I'm sorry your experience with antidepressants didn't work out well, but it's possible you were using a crude older drug; earlier, you made reference to some benzodiazepene I'd never heard of and had to look up to make sure it was a benzo. Seems to have been one of the older ones from the Seventies. Anyway, plenty of people function quite well on antidepressants, and as a general rule later drugs have a more refined action than older ones--like the way Zyrtec doesn't have the powerful sedative effects of Benadryl.

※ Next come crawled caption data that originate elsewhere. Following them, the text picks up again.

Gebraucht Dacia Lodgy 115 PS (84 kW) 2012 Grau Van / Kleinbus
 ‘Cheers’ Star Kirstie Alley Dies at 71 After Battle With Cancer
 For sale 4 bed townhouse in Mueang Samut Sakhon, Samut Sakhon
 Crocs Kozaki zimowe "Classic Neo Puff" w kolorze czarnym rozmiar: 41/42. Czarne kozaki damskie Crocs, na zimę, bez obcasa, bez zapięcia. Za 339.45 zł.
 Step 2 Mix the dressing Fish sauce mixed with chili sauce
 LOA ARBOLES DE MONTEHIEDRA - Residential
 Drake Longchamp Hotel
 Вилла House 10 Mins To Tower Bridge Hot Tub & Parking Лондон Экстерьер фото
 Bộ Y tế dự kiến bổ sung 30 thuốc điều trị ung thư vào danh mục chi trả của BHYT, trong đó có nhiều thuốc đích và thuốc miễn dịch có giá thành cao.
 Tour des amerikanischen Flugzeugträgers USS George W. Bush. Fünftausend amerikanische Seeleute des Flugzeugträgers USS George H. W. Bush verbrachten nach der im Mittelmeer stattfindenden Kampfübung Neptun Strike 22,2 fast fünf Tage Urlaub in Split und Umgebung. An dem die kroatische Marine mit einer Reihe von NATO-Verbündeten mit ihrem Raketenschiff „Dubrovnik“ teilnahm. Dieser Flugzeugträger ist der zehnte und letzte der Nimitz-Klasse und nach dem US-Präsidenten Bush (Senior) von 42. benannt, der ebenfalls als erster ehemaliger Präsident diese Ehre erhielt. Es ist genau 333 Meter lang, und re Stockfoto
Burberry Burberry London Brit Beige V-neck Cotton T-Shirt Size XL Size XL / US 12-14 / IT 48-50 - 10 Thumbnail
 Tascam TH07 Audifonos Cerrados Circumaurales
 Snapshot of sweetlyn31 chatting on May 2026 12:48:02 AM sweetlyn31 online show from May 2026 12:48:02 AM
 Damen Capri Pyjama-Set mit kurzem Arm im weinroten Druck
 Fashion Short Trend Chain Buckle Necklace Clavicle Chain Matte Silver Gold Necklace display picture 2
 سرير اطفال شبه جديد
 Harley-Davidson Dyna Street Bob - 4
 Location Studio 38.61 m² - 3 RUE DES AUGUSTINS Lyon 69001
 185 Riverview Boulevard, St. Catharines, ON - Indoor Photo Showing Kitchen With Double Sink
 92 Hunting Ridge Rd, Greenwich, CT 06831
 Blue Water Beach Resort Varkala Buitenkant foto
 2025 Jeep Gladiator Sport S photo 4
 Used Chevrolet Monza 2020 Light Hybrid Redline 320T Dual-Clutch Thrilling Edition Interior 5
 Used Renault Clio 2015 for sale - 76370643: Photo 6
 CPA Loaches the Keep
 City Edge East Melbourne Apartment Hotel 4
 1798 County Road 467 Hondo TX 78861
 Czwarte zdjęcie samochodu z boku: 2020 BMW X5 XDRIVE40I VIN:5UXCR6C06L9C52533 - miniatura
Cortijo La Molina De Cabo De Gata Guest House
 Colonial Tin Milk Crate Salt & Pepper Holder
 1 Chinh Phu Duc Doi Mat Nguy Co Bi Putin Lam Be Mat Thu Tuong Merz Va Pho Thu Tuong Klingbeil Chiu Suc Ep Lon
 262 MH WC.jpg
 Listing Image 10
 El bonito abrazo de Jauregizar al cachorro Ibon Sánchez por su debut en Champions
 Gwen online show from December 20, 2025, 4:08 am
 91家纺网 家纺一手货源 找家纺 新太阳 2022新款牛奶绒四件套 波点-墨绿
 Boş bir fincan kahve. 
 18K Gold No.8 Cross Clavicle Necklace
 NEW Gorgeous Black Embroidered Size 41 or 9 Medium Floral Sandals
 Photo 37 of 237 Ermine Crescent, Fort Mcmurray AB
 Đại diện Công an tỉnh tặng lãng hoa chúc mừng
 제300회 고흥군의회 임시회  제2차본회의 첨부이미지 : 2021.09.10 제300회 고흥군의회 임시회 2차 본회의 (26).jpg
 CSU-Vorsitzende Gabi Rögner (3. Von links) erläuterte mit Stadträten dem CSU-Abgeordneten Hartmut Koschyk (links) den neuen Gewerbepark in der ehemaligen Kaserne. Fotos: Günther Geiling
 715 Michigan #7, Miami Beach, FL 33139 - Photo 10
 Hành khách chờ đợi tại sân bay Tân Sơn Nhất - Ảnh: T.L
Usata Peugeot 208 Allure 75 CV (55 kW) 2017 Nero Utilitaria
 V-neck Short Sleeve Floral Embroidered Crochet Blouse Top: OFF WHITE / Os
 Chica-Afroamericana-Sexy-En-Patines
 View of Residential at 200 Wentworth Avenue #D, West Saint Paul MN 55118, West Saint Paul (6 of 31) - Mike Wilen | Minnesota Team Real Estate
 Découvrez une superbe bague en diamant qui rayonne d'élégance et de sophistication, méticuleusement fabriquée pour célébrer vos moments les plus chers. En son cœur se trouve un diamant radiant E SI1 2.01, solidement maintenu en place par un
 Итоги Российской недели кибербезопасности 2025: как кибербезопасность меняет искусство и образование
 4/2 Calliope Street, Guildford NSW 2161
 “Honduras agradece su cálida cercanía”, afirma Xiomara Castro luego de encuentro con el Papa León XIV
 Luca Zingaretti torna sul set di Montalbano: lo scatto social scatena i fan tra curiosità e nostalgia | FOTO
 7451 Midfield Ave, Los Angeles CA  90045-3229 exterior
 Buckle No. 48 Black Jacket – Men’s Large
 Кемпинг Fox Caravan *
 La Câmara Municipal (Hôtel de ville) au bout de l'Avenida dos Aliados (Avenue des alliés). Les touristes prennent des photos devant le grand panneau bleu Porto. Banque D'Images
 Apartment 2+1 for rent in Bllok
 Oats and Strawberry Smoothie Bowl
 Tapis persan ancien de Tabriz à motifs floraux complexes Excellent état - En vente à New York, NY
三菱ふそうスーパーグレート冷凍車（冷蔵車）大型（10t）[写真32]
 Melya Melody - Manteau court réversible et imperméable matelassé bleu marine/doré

Prohibition wound up being repealed, but it didn't come out of nowhere. It is HARD to get a constitutional amendment passed, but we got the majority of America's states to agree to ban liquor. That happened for a reason. Prior to prohibition, America's drinking culture was really quite horrifying, the kind we associate with Russia today. The attendant social problems were out of control; fathers drinking their paychecks and letting their kids go hungry was no joke, straight-up, a thing that happened with some frequency. Banning it, as we all know, caused different problems, but it did have the salutary effect of dramatically reducing our alcohol consumption for a while, and when prohibition ended our drinking did not go back up to previous levels. Nowadays we have opiates instead, but Prohibition is probably the reason why we're less alkie than, say, the Brits.
I have read The Orthodox Way, thanks! I've seen Metropolitan Kallistos speak in person as well; he has a very pleasant, soothing voice, and is quite personable.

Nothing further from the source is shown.